---------- Data extract
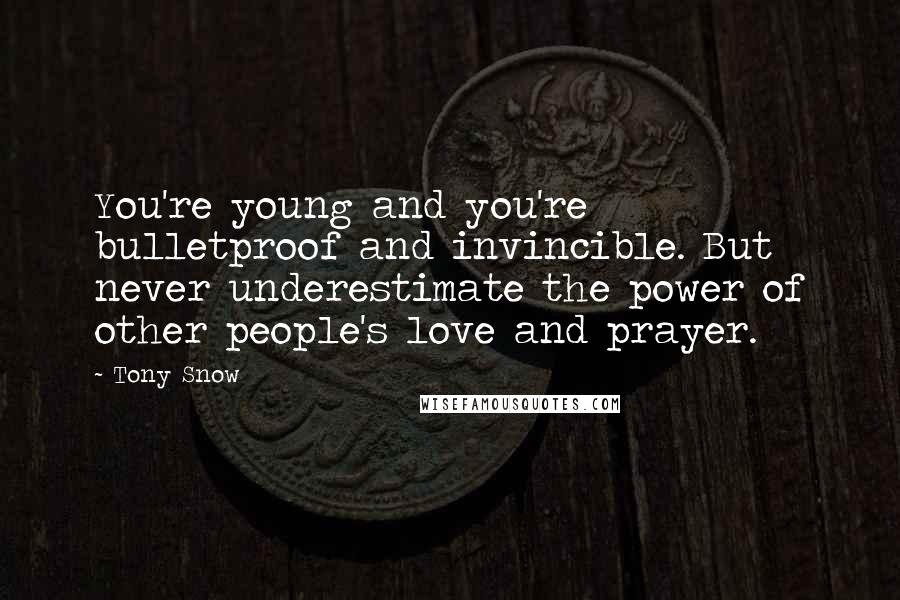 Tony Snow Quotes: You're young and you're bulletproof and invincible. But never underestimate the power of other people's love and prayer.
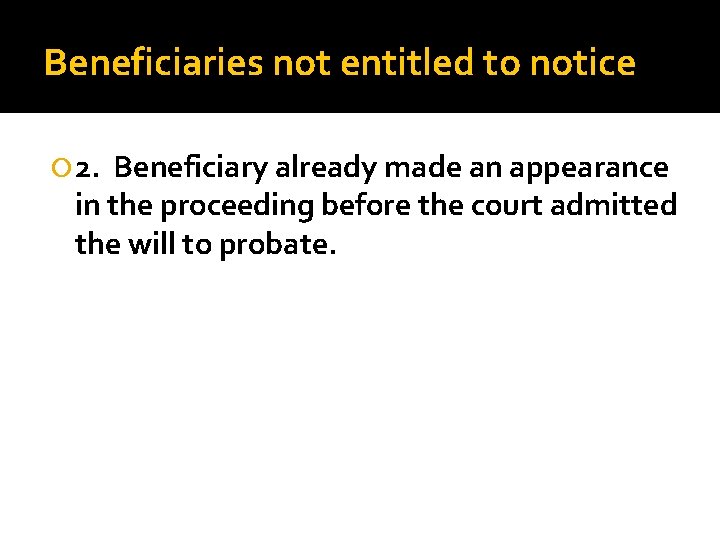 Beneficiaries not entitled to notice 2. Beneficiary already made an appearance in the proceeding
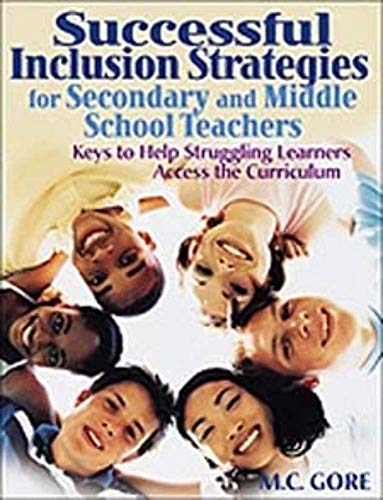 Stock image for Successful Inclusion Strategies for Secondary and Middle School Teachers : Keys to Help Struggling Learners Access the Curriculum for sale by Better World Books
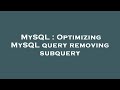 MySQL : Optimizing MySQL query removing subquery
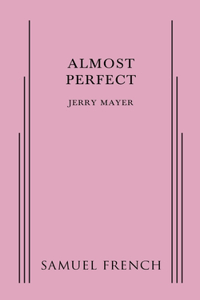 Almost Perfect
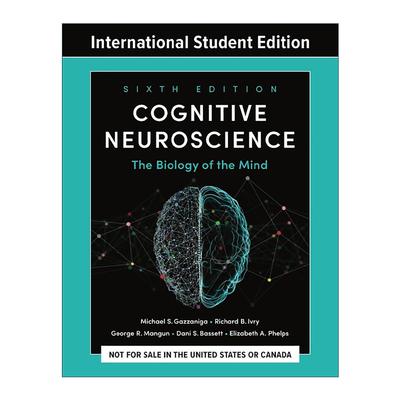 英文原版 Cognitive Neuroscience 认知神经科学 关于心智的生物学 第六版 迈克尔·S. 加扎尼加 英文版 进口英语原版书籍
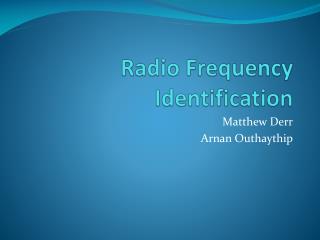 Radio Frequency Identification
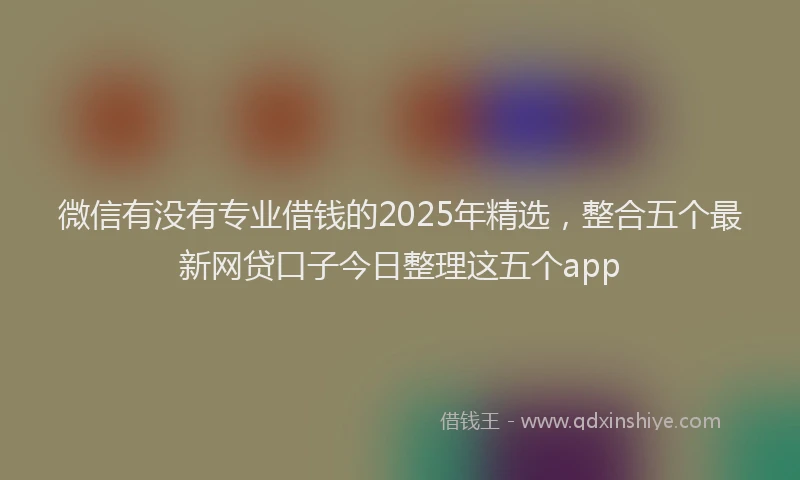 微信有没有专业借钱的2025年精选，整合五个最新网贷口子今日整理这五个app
--------------------
---------- Data extract
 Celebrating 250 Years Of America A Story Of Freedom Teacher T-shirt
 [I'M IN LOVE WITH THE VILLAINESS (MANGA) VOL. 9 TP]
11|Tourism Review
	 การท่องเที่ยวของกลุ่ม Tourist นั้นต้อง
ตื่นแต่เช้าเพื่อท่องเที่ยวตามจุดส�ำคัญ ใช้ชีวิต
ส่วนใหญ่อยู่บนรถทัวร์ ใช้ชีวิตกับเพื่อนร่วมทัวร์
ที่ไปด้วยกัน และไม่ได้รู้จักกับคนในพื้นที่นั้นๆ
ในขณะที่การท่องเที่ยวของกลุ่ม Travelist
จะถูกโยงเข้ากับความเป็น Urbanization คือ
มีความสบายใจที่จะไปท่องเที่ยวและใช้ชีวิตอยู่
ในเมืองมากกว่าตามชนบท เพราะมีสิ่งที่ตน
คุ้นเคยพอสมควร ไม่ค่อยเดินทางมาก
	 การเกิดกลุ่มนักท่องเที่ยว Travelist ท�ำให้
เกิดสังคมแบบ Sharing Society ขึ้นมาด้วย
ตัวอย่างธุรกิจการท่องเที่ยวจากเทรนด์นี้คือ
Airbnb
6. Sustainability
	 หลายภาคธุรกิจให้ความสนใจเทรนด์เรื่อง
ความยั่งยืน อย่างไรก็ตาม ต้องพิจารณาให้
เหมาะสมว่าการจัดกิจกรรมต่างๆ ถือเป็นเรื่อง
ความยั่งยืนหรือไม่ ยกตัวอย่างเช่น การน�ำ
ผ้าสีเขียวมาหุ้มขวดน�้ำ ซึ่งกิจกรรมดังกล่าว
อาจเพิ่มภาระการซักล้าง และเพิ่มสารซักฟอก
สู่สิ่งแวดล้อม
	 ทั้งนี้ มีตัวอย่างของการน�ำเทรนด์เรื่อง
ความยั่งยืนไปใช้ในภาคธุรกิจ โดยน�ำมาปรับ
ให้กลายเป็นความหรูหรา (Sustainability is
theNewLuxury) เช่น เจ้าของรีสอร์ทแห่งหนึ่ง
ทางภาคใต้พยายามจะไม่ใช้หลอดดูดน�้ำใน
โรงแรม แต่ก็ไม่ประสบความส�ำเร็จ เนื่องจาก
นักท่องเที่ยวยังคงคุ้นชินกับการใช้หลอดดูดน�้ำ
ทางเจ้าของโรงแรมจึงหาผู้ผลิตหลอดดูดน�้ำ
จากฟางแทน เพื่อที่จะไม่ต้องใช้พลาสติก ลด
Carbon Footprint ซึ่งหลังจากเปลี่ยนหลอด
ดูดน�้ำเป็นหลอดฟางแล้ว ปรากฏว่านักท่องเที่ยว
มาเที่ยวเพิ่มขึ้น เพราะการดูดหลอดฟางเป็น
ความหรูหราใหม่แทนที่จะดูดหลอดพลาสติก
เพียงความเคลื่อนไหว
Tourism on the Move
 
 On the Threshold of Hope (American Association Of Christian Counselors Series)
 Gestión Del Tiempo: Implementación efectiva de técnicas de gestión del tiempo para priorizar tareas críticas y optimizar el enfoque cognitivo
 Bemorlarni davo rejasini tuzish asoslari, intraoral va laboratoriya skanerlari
--------------------
Assigned task:
Look through the data above and return exactly the lines from the one that contains "ในเมืองมากกว่าตามชนบท เพราะมีสิ่งที่ตน" to the one that contains "ทั้งนี้ มีตัวอ", inclusive, with nothing else.

Answer for this exercise:
ในเมืองมากกว่าตามชนบท เพราะมีสิ่งที่ตน
คุ้นเคยพอสมควร ไม่ค่อยเดินทางมาก
	 การเกิดกลุ่มนักท่องเที่ยว Travelist ท�ำให้
เกิดสังคมแบบ Sharing Society ขึ้นมาด้วย
ตัวอย่างธุรกิจการท่องเที่ยวจากเทรนด์นี้คือ
Airbnb
6. Sustainability
	 หลายภาคธุรกิจให้ความสนใจเทรนด์เรื่อง
ความยั่งยืน อย่างไรก็ตาม ต้องพิจารณาให้
เหมาะสมว่าการจัดกิจกรรมต่างๆ ถือเป็นเรื่อง
ความยั่งยืนหรือไม่ ยกตัวอย่างเช่น การน�ำ
ผ้าสีเขียวมาหุ้มขวดน�้ำ ซึ่งกิจกรรมดังกล่าว
อาจเพิ่มภาระการซักล้าง และเพิ่มสารซักฟอก
สู่สิ่งแวดล้อม
	 ทั้งนี้ มีตัวอย่างของการน�ำเทรนด์เรื่อง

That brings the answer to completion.